[Intel-xe] [PATCH v3 2/9] drm/xe/rtp: Split rtp process initialization
Matt Roper
matthew.d.roper at intel.com
Wed May 17 17:11:26 UTC 2023
On Tue, May 16, 2023 at 03:19:43PM -0700, Lucas De Marchi wrote:
> The selection between hwe and gt is exposed to the outside of rtp, by
> the xe_rtp_process() function. It doesn't make sense to pass a hwe and a
> gt as argument since the gt should always be the one containing the hwe.
>
> This clarifies the interface by separating the context creation into an
> initializer. The initializer then passes the correct value and there
> should never be a case with hwe and gt set. Internally the functions
> continue receiving the argument separately.
>
> Also, since most of the rtp rules match against device characteristics,
> add support for processing rules based solely on the device. This will
> be used by follow up commits to process some workarounds.
>
> Signed-off-by: Lucas De Marchi <lucas.demarchi at intel.com>
> ---
> drivers/gpu/drm/xe/tests/xe_rtp_test.c | 3 +-
> drivers/gpu/drm/xe/xe_hw_engine.c | 8 +--
> drivers/gpu/drm/xe/xe_reg_whitelist.c | 4 +-
> drivers/gpu/drm/xe/xe_rtp.c | 71 ++++++++++++++++++++------
> drivers/gpu/drm/xe/xe_rtp.h | 10 +++-
> drivers/gpu/drm/xe/xe_rtp_types.h | 15 ++++++
> drivers/gpu/drm/xe/xe_tuning.c | 8 ++-
> drivers/gpu/drm/xe/xe_wa.c | 12 +++--
> 8 files changed, 102 insertions(+), 29 deletions(-)
>
> diff --git a/drivers/gpu/drm/xe/tests/xe_rtp_test.c b/drivers/gpu/drm/xe/tests/xe_rtp_test.c
> index 4b2aac5ccf28..f96ef1987719 100644
> --- a/drivers/gpu/drm/xe/tests/xe_rtp_test.c
> +++ b/drivers/gpu/drm/xe/tests/xe_rtp_test.c
> @@ -238,10 +238,11 @@ static void xe_rtp_process_tests(struct kunit *test)
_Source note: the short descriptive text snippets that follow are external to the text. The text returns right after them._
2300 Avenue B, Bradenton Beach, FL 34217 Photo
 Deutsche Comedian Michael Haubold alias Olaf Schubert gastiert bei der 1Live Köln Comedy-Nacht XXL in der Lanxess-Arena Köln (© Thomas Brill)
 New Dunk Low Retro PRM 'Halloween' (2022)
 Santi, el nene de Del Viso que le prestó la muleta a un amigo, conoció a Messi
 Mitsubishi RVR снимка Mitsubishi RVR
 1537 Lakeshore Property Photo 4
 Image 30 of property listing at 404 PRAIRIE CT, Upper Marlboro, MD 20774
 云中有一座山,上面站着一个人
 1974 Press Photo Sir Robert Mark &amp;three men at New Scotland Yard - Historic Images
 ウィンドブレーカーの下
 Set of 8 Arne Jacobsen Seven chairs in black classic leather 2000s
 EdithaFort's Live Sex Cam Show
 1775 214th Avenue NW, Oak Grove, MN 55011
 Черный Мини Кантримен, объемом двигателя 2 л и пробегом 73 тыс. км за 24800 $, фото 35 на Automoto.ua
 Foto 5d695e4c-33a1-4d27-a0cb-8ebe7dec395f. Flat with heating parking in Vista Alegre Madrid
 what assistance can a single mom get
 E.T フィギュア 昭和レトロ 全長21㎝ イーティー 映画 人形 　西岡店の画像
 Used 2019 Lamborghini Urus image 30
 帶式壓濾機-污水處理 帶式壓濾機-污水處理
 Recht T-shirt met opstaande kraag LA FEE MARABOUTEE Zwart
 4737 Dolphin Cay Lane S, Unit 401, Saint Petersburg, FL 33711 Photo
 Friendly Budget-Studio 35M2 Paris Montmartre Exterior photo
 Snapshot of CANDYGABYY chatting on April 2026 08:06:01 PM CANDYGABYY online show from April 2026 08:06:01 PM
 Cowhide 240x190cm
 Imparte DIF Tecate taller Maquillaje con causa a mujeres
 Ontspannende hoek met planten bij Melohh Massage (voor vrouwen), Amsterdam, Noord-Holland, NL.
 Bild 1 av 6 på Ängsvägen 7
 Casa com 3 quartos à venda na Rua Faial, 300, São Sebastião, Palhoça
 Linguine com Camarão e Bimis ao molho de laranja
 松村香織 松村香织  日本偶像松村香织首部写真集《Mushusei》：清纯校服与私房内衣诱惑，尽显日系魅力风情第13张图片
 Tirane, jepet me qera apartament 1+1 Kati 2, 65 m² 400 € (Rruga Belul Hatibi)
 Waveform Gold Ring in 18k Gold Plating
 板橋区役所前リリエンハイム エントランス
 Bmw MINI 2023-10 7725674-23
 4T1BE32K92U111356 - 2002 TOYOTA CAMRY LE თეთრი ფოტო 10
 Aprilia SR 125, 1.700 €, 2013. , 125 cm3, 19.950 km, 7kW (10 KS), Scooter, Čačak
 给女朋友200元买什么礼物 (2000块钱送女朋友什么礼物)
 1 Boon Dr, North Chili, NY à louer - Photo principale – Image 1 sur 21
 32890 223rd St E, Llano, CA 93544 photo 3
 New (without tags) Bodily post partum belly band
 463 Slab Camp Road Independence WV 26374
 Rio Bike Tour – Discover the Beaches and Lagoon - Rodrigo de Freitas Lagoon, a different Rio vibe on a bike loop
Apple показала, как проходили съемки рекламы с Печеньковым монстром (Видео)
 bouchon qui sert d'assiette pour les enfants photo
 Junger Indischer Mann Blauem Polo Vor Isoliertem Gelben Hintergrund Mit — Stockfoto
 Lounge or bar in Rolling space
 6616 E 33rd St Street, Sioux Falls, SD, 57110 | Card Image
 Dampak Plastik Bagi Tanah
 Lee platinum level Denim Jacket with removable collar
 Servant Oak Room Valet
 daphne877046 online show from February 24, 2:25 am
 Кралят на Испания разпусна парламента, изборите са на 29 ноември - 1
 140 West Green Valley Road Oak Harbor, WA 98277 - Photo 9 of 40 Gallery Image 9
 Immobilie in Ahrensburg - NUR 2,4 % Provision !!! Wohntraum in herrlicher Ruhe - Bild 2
> struct xe_device *xe = test->priv;
> struct xe_reg_sr *reg_sr = &xe->gt[0].reg_sr;
> const struct xe_reg_sr_entry *sre, *sr_entry = NULL;
> + struct xe_rtp_process_ctx ctx = XE_RTP_PROCESS_CTX_INITIALIZER(&xe->gt[0]);
> unsigned long idx, count = 0;
>
> xe_reg_sr_init(reg_sr, "xe_rtp_tests", xe);
> - xe_rtp_process(param->entries, reg_sr, &xe->gt[0], NULL);
> + xe_rtp_process(&ctx, param->entries, reg_sr);
>
> xa_for_each(®_sr->xa, idx, sre) {
> if (idx == param->expected_reg.addr)
> diff --git a/drivers/gpu/drm/xe/xe_hw_engine.c b/drivers/gpu/drm/xe/xe_hw_engine.c
> index 751f6c3bba17..1bf28b1ad319 100644
> --- a/drivers/gpu/drm/xe/xe_hw_engine.c
> +++ b/drivers/gpu/drm/xe/xe_hw_engine.c
> @@ -281,6 +281,7 @@ xe_hw_engine_setup_default_lrc_state(struct xe_hw_engine *hwe)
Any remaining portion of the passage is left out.